Take the line containing "Used 2024 Hyundai Kona SEL FWD image 2" and every line after it in the data below, and print them exactly as given, with nothing else.

◇ ◇ ◇ ◇ ◇ ◇ ◇










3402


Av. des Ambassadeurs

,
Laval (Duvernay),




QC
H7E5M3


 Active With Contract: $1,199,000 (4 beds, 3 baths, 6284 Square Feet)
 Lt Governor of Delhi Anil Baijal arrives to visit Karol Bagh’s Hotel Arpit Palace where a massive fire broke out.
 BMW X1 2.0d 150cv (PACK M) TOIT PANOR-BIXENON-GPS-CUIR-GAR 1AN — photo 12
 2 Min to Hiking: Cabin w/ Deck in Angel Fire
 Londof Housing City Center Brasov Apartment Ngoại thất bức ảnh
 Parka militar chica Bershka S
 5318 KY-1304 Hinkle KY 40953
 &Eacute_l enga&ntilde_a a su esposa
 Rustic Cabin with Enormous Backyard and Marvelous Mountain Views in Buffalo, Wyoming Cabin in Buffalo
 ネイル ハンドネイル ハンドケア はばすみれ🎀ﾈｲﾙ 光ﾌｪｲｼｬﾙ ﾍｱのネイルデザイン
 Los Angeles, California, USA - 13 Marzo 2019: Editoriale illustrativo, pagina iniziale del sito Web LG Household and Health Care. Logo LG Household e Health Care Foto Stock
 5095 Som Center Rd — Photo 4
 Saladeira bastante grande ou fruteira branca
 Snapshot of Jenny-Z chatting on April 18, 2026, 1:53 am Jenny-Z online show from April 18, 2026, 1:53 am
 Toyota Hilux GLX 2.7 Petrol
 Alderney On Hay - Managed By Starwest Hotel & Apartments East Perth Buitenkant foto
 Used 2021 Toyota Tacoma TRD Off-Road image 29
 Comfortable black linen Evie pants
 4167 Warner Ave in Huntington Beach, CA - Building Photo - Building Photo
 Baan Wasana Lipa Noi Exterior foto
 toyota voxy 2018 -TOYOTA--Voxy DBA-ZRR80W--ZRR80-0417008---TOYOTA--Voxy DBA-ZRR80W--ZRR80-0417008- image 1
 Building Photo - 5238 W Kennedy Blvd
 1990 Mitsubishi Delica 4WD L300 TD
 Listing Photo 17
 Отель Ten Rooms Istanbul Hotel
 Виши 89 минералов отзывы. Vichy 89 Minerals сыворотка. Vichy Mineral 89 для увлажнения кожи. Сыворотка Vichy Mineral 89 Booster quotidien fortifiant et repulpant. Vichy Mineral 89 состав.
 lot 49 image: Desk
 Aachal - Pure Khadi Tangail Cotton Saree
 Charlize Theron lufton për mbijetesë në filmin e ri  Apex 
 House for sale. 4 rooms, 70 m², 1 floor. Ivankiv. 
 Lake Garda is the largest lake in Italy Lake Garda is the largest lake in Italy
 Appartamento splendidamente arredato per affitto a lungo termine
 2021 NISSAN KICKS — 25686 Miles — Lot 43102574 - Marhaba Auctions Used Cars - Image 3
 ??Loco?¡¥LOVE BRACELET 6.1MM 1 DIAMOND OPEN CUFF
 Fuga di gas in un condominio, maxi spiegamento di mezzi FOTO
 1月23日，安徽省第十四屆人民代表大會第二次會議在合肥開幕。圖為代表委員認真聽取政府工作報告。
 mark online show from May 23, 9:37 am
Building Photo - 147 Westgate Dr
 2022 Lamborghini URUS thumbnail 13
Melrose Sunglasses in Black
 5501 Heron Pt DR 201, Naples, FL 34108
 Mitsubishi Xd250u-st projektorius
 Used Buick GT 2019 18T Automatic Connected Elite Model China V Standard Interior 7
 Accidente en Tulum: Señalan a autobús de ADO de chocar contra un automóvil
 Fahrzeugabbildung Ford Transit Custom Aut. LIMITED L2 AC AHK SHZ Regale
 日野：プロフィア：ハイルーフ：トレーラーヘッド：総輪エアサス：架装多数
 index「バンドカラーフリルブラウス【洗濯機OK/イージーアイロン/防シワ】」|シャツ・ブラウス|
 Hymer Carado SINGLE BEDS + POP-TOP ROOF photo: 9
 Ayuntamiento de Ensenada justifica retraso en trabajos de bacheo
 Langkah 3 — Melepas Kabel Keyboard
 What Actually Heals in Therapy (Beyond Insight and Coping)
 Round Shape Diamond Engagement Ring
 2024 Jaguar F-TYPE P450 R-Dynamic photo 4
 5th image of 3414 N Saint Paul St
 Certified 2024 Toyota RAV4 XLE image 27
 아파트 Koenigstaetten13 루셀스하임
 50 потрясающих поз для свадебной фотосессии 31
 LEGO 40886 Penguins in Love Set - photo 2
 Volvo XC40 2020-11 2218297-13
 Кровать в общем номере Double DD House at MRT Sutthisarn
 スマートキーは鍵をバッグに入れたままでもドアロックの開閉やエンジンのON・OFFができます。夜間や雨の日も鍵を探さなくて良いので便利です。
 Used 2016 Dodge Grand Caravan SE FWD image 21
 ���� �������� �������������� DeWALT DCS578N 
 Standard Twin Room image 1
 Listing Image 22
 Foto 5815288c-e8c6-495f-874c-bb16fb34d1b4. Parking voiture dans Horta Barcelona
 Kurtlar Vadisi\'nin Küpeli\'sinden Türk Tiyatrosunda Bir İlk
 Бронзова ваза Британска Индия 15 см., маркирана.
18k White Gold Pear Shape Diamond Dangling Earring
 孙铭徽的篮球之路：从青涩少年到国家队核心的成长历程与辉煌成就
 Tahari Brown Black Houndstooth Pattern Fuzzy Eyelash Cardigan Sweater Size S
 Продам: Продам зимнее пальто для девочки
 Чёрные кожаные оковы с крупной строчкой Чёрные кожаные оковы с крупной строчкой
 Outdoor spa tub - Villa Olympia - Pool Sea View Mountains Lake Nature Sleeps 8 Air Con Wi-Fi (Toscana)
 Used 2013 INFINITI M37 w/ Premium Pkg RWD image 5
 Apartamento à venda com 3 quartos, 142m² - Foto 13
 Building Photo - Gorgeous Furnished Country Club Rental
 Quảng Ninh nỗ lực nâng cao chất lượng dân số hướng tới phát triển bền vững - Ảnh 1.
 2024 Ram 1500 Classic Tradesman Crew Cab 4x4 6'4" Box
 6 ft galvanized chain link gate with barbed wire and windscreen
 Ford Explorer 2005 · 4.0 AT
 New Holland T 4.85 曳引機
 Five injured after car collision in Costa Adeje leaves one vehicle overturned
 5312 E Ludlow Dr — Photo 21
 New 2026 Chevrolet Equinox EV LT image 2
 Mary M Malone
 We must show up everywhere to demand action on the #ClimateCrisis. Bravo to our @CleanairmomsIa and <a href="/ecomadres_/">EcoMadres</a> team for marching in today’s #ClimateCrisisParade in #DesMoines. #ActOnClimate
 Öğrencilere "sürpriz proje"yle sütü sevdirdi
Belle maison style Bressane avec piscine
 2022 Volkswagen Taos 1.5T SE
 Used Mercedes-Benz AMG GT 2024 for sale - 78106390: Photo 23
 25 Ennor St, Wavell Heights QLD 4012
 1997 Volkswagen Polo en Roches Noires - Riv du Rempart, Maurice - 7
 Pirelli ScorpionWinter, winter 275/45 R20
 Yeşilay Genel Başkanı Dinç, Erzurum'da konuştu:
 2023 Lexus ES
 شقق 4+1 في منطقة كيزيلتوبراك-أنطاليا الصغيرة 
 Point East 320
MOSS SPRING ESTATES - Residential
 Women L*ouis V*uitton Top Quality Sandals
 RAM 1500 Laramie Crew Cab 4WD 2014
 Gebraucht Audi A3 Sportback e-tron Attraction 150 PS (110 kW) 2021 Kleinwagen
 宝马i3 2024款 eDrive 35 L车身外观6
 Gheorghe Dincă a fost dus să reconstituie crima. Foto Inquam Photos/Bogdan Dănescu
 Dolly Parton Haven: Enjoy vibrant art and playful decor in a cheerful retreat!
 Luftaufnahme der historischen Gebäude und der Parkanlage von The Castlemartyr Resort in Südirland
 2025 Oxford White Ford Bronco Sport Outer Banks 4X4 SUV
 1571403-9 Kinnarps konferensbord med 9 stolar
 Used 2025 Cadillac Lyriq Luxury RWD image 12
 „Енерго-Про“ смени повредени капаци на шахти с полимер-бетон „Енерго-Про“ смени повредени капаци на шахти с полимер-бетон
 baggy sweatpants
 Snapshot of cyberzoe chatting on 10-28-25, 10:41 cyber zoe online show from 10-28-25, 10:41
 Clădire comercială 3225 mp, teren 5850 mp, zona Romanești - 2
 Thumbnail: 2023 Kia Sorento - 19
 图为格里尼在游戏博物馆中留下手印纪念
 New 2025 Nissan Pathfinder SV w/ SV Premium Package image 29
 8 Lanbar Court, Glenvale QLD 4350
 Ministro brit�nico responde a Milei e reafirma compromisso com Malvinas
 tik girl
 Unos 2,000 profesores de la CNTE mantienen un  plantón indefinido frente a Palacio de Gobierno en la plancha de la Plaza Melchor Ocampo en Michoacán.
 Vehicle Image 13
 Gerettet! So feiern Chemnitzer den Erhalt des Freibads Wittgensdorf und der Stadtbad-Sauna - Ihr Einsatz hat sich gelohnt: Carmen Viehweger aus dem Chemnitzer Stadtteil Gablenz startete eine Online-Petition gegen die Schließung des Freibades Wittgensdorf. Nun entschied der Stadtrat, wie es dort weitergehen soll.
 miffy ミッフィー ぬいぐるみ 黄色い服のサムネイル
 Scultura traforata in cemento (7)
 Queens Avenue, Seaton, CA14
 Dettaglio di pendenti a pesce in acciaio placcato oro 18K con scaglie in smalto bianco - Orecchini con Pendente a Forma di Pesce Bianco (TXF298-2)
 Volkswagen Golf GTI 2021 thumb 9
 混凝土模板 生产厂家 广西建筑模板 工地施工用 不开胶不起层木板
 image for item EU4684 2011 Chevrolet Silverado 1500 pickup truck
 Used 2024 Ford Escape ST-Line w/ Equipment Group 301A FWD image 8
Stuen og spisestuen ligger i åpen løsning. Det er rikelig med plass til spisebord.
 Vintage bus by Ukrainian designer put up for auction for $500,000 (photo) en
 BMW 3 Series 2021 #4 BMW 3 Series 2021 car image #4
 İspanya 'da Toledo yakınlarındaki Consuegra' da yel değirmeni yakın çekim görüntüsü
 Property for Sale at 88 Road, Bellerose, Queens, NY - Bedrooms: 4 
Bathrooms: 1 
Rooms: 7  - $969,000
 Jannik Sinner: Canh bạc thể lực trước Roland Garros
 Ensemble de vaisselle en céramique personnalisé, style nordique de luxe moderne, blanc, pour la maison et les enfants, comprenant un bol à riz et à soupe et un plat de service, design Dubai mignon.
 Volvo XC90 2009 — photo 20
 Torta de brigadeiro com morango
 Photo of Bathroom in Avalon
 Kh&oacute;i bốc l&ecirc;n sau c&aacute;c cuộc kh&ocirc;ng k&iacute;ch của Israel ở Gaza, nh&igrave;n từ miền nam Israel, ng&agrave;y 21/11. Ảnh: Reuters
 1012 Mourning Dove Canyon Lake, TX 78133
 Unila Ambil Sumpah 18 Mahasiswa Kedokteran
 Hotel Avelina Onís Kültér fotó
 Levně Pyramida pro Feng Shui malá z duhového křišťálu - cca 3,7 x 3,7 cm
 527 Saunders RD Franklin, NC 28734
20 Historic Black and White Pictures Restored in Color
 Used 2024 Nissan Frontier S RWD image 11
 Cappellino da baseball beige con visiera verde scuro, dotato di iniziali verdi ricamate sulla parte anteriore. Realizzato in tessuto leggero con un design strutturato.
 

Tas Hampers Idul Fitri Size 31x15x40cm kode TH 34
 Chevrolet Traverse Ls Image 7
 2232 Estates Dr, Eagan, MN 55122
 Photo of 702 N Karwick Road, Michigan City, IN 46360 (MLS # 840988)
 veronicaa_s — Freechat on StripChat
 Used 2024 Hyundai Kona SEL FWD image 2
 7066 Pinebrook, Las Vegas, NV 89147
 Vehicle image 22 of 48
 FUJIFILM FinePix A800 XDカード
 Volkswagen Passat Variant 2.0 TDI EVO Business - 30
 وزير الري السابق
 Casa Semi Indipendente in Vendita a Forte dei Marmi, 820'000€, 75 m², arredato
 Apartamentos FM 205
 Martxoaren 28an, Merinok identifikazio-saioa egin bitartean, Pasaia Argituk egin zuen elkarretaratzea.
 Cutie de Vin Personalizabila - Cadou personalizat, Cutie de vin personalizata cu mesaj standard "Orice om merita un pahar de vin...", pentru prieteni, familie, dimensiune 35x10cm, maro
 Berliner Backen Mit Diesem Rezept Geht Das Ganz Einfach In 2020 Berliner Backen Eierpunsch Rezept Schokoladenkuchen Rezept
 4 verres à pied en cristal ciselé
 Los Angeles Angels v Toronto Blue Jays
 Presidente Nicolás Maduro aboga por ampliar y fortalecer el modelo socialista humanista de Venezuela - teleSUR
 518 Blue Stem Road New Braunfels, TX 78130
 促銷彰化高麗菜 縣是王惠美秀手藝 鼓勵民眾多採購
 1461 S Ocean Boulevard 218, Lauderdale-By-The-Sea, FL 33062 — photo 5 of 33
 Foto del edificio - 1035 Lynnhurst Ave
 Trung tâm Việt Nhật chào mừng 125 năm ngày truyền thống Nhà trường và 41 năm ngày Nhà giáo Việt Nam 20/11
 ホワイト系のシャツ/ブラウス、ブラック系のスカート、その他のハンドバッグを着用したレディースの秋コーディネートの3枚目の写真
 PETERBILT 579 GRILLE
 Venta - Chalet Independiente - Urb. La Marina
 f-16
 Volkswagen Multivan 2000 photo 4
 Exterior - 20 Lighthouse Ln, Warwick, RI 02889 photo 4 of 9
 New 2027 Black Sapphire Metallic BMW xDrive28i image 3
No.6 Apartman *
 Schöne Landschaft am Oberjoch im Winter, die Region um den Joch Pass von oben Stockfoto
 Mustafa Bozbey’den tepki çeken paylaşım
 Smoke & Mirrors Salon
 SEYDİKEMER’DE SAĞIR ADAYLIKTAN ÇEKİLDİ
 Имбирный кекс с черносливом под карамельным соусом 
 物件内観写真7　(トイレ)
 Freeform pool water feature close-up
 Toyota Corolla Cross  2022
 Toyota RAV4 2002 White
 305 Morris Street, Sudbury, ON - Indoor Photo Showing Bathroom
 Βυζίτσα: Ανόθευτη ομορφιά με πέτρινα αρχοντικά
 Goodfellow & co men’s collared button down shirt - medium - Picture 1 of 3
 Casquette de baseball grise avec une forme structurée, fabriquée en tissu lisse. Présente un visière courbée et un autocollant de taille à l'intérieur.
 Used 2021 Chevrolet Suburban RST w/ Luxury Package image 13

◇ ◇ ◇ ◇ ◇ ◇ ◇

**Task output**
 Used 2024 Hyundai Kona SEL FWD image 2
 7066 Pinebrook, Las Vegas, NV 89147
 Vehicle image 22 of 48
 FUJIFILM FinePix A800 XDカード
 Volkswagen Passat Variant 2.0 TDI EVO Business - 30
 وزير الري السابق
 Casa Semi Indipendente in Vendita a Forte dei Marmi, 820'000€, 75 m², arredato
 Apartamentos FM 205
 Martxoaren 28an, Merinok identifikazio-saioa egin bitartean, Pasaia Argituk egin zuen elkarretaratzea.
 Cutie de Vin Personalizabila - Cadou personalizat, Cutie de vin personalizata cu mesaj standard "Orice om merita un pahar de vin...", pentru prieteni, familie, dimensiune 35x10cm, maro
 Berliner Backen Mit Diesem Rezept Geht Das Ganz Einfach In 2020 Berliner Backen Eierpunsch Rezept Schokoladenkuchen Rezept
 4 verres à pied en cristal ciselé
 Los Angeles Angels v Toronto Blue Jays
 Presidente Nicolás Maduro aboga por ampliar y fortalecer el modelo socialista humanista de Venezuela - teleSUR
 518 Blue Stem Road New Braunfels, TX 78130
 促銷彰化高麗菜 縣是王惠美秀手藝 鼓勵民眾多採購
 1461 S Ocean Boulevard 218, Lauderdale-By-The-Sea, FL 33062 — photo 5 of 33
 Foto del edificio - 1035 Lynnhurst Ave
 Trung tâm Việt Nhật chào mừng 125 năm ngày truyền thống Nhà trường và 41 năm ngày Nhà giáo Việt Nam 20/11
 ホワイト系のシャツ/ブラウス、ブラック系のスカート、その他のハンドバッグを着用したレディースの秋コーディネートの3枚目の写真
 PETERBILT 579 GRILLE
 Venta - Chalet Independiente - Urb. La Marina
 f-16
 Volkswagen Multivan 2000 photo 4
 Exterior - 20 Lighthouse Ln, Warwick, RI 02889 photo 4 of 9
 New 2027 Black Sapphire Metallic BMW xDrive28i image 3
No.6 Apartman *
 Schöne Landschaft am Oberjoch im Winter, die Region um den Joch Pass von oben Stockfoto
 Mustafa Bozbey’den tepki çeken paylaşım
 Smoke & Mirrors Salon
 SEYDİKEMER’DE SAĞIR ADAYLIKTAN ÇEKİLDİ
 Имбирный кекс с черносливом под карамельным соусом 
 物件内観写真7　(トイレ)
 Freeform pool water feature close-up
 Toyota Corolla Cross  2022
 Toyota RAV4 2002 White
 305 Morris Street, Sudbury, ON - Indoor Photo Showing Bathroom
 Βυζίτσα: Ανόθευτη ομορφιά με πέτρινα αρχοντικά
 Goodfellow & co men’s collared button down shirt - medium - Picture 1 of 3
 Casquette de baseball grise avec une forme structurée, fabriquée en tissu lisse. Présente un visière courbée et un autocollant de taille à l'intérieur.
 Used 2021 Chevrolet Suburban RST w/ Luxury Package image 13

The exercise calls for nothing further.